Above you can see the diffrence between the two compilers. The XE results were with arch:IA32 settings.

jimdempseyatthecove · ‎03-07-2025

@wtstephens do you see a difference when running the same .exe file?

.OR.

are you seeing a difference when compiling the program using a different compiler?

The older environment, the then compiler, may have been using (in places) the FPU instructions.

Whereas the newer compiler may be using all SSE/AVX/AVX2/AVX512 instructions.

The FPU has internal 80-bit (ten byte) floating point temporary registers.

Whereas the SIMD instructions are all 64-bit (eight byte) registers (except when using Fused Multiply and Add instructions which has a few more bits preserved between the multiply and add).

Jim Dempsey

wtstephens · ‎03-07-2025

I have the exact .exe file (from the year 2004) and corresponding data files.

I can also re-compile from source code and get an EXE file that has only 8 bytes of differences (using the same CVF "DF" commands).

Using desktop Pentium 3 chips of 933MHz and 1GHz with the original EXE and data files I do not get matching output files versus the original output files. Those chips output files do match each other, but do not match the original output files from the mobile Pentium 3 850 MHz output files.

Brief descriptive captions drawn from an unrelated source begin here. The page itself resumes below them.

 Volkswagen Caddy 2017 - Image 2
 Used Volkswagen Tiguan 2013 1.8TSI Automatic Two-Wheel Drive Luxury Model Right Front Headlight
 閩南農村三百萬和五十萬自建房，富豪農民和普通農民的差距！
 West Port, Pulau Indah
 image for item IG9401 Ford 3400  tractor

I have ordered a desktop 850 MHz Pentium 3 to try that (assuming it will plug into the same Socket 370 as the 933 MHz or 1 GHz -- despite the slower Front Side Bus of 100 MHz versus 133 MHz).

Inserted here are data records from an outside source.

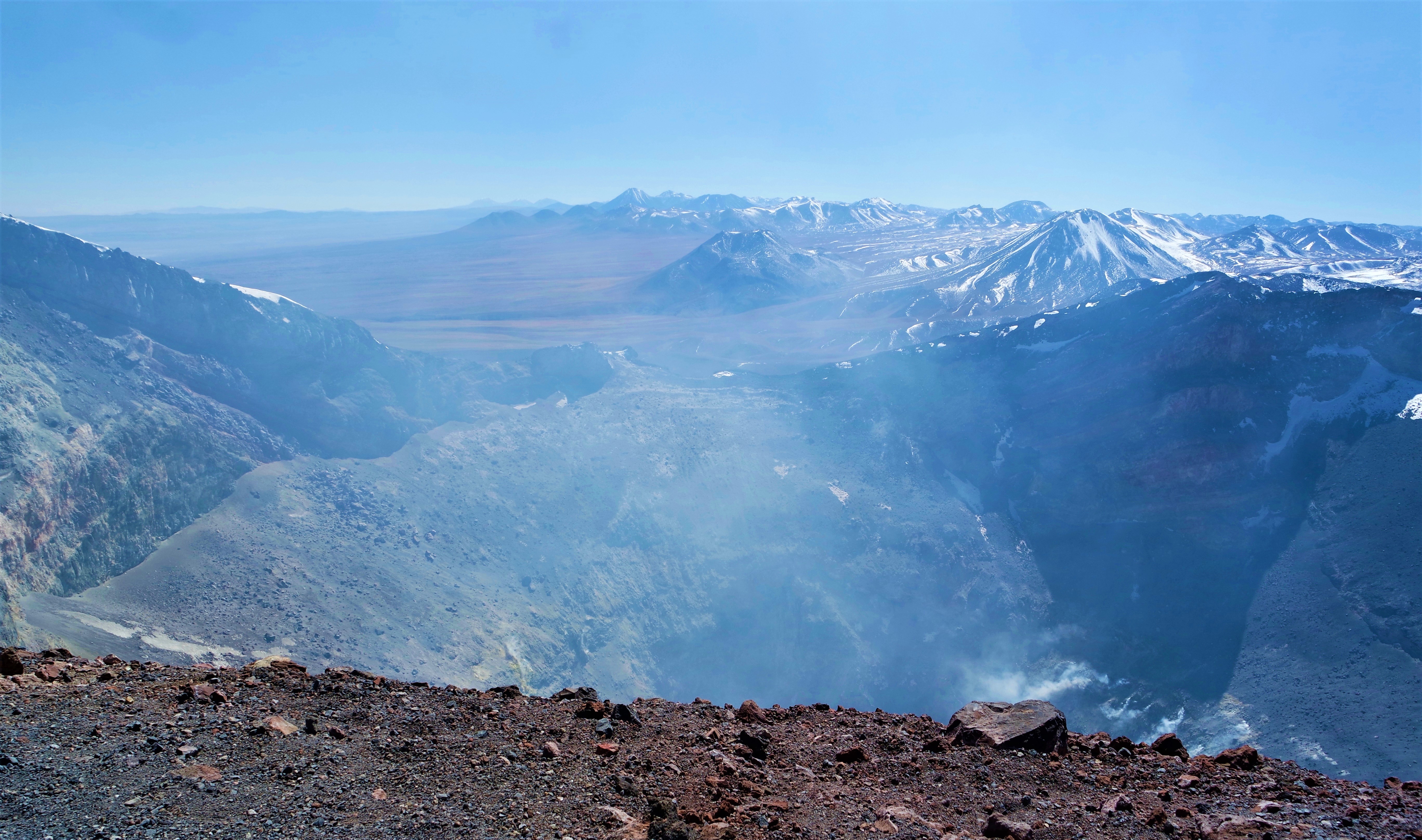 Cratera do Vulcão Lascar no Deserto do Atacama.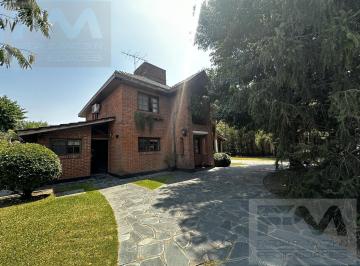 Casa · 232m² · 4 Ambientes · 1 Cochera · Casa - Banco Provincia de Bs. As.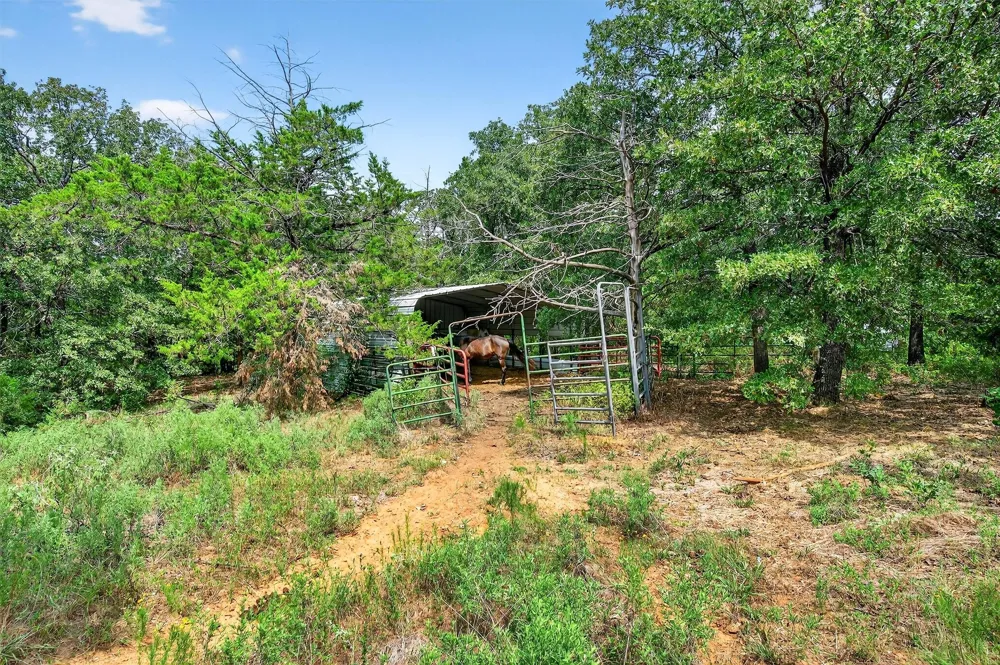 2887 Liberty Road Gordonville, TX 76245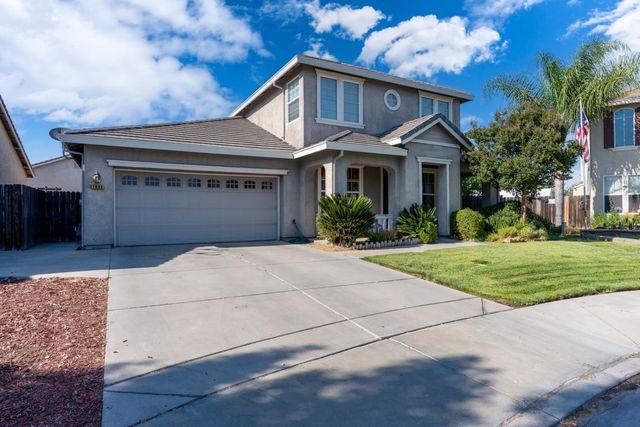 1085 Stanford Avenue, Madera, CA 93637
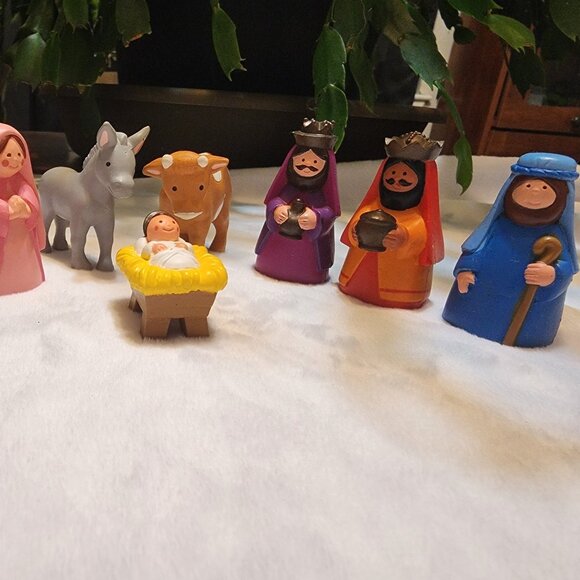 Vintage Fisher Price Nativity Figures - Picture 2 of 2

Should I expect that I will eventually need to try a mobile chip?

wtstephens · ‎04-05-2025

After a great deal of effort, I was able to get the old 2004 .EXE program (which was compiled with CVF "DF"), and the old data files, *and* the correct input parameters to exactly reproduce the old floating point output that I wanted. Yay!

It worked using a 750MHz mobile Pentium 3 chip, even though the original calculations were done using an 850MHz mobile Pentium 3. These laptops I bought on eBay are 25 years old! Cheap though, like $50 each.

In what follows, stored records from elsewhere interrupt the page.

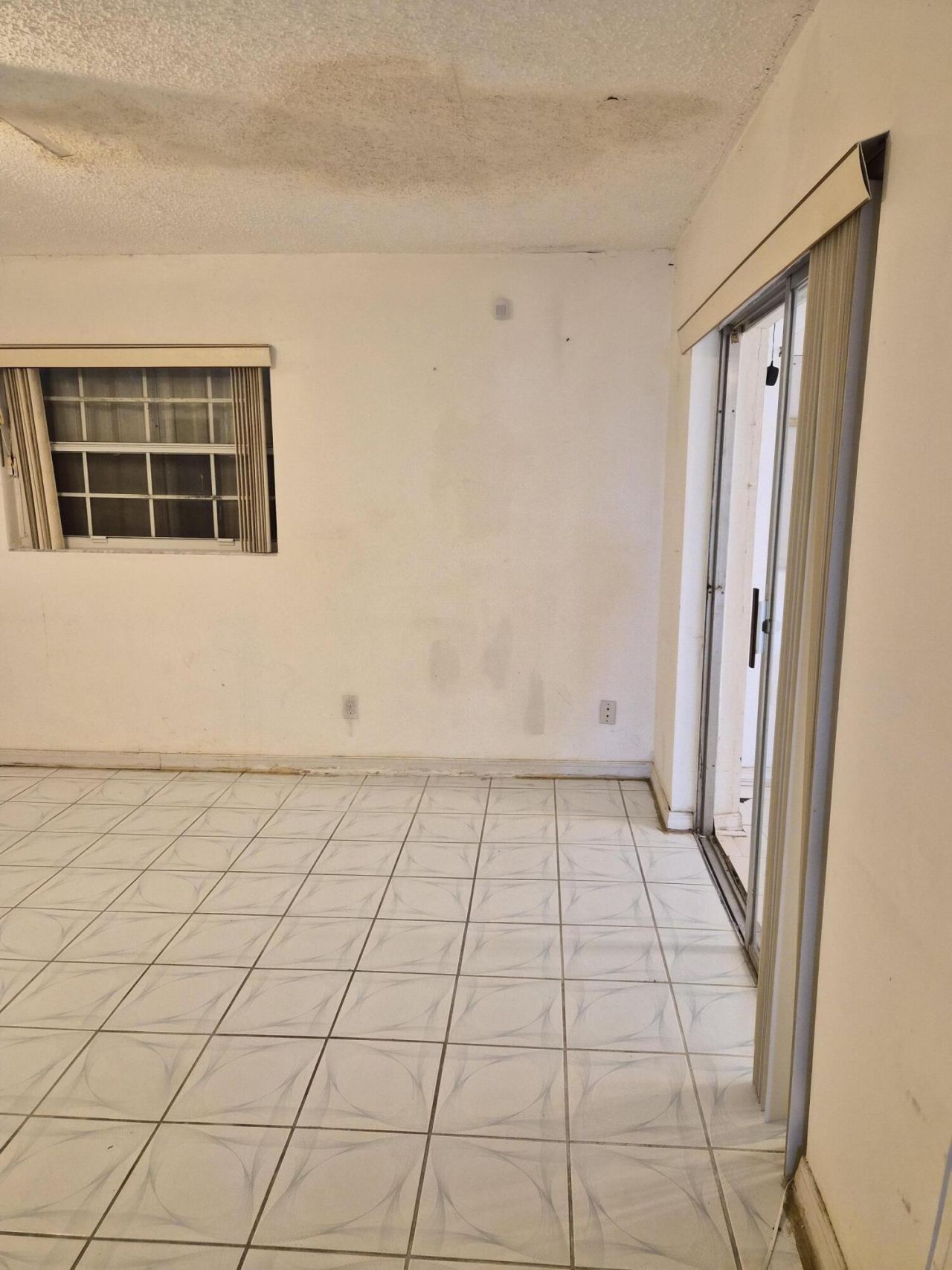 4960 NW 16th Street, Lauderhill, FL 33313 Photo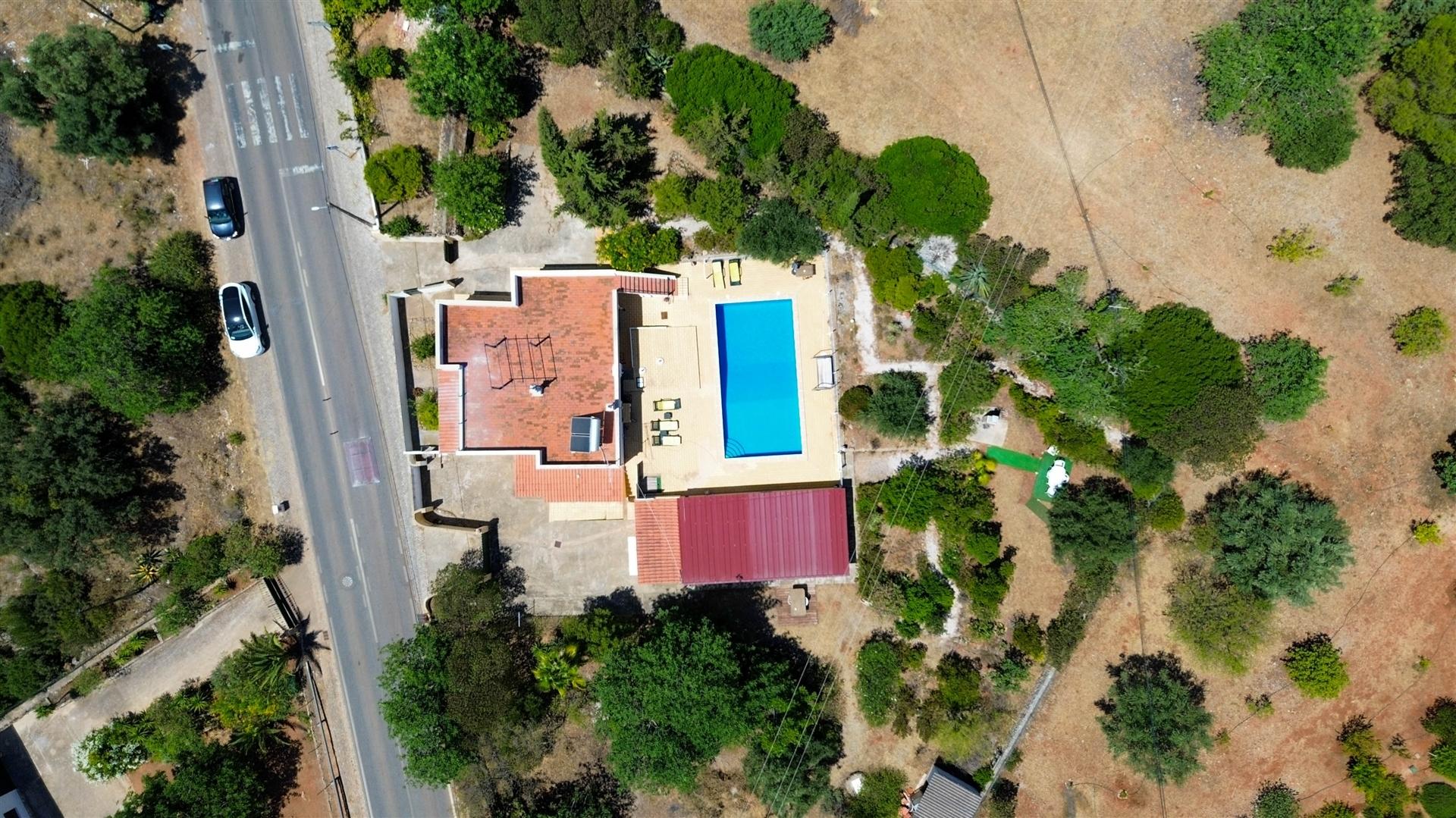 Exclusiva moradia térrea de traça tradicional com anexo independente e piscina.
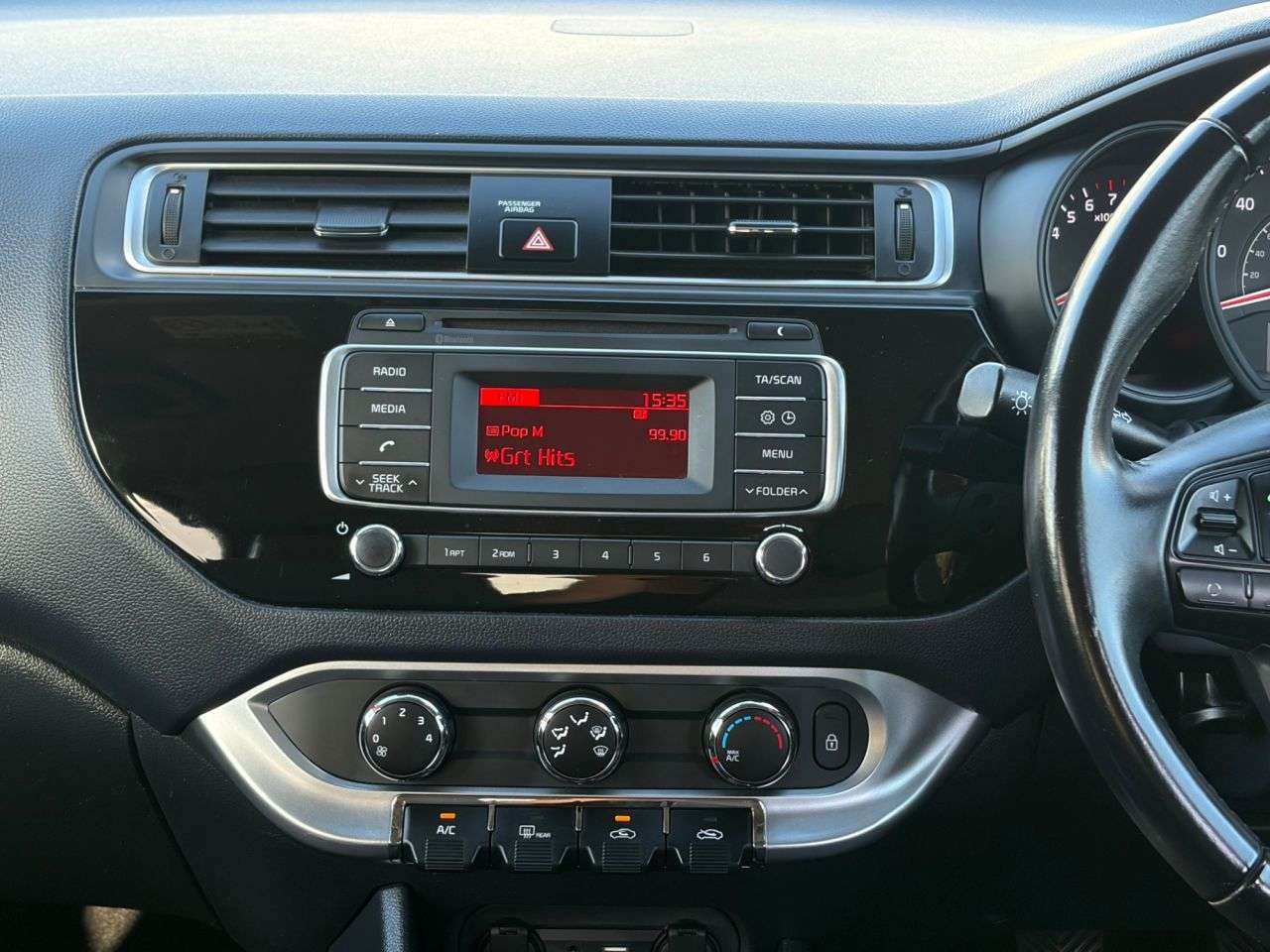 2015 KIA RIO 2015 KIA RIO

Along the way, I do now believe that all the Pentium 3 chips that I now own (again) might be used to reproduce the calculations -- and I may try to verify that over the next couple of weeks. All of this is under old Windows 2000.

Also, I will be trying to get the same results using the 'virtual CPU' that VMWare Workstation v17 has in its Windows 2000 support, which is of course not the host machine's Xeon 12-core, but a 2-core VM that is compatible with Windows 2000.

wtstephens · ‎05-23-2025

The VMWare Workstation running Windows 2000 will exactly reproduce the Pentium 3 calculations.

This is using CVF 6.6A <-- yes, "A".

At this point I am trying to figure out how that CVF and gfortran (yikes!) can get different answer to dividing the very same REAL*8 values -- the equation is result = (1.0-x)/(1.0+x)

The results differ by just a little, way out there at the 16th digit.

There are so many gfortran architecture compile options -- anyone have a formula to mimic old CVF???

andrew_4619 · ‎05-24-2025

I find it quite hard to understand why you would want to replicate exactly of an ancient compiler and processor. What is the ultimate objective? Why would a delta in the 16th sig fig be of any importance?

wtstephens · ‎05-24-2025

My first objective has been to re-build and re-run old code in order to match specific source code versions to specific old input and old output data sets -- an exact match is proof of the set: "old-Data + old-Code/Compiler --> old-Output".

It is a very slow process.

It has been helpful to use modern compilers and chips to speed up the process -- execution is around 20X faster (Xeon 12-core).

In order to get the modern stuff to closely mimic the old has required looking at intermediate calculations. Some of these calculations skirt very close to zero or asymptotes.

I agree that the 16th sig figs are in "rabbit hole" territory, but some are in the 12th digit.

Successes so far have been in adding double-precision changes here and there in the code.

jimdempseyatthecove · ‎03-08-2025

Have you seen: https://en.wikipedia.org/wiki/Pentium_FDIV_bug

Jim Dempsey

wtstephens · ‎03-08-2025

Thanks. Looks like that Pentium bug was in 1997. My original Pentium 3 system was bought in late 2000.

A matching Pentium 3 850MHz is (hopefully) arriving on Monday for me to try.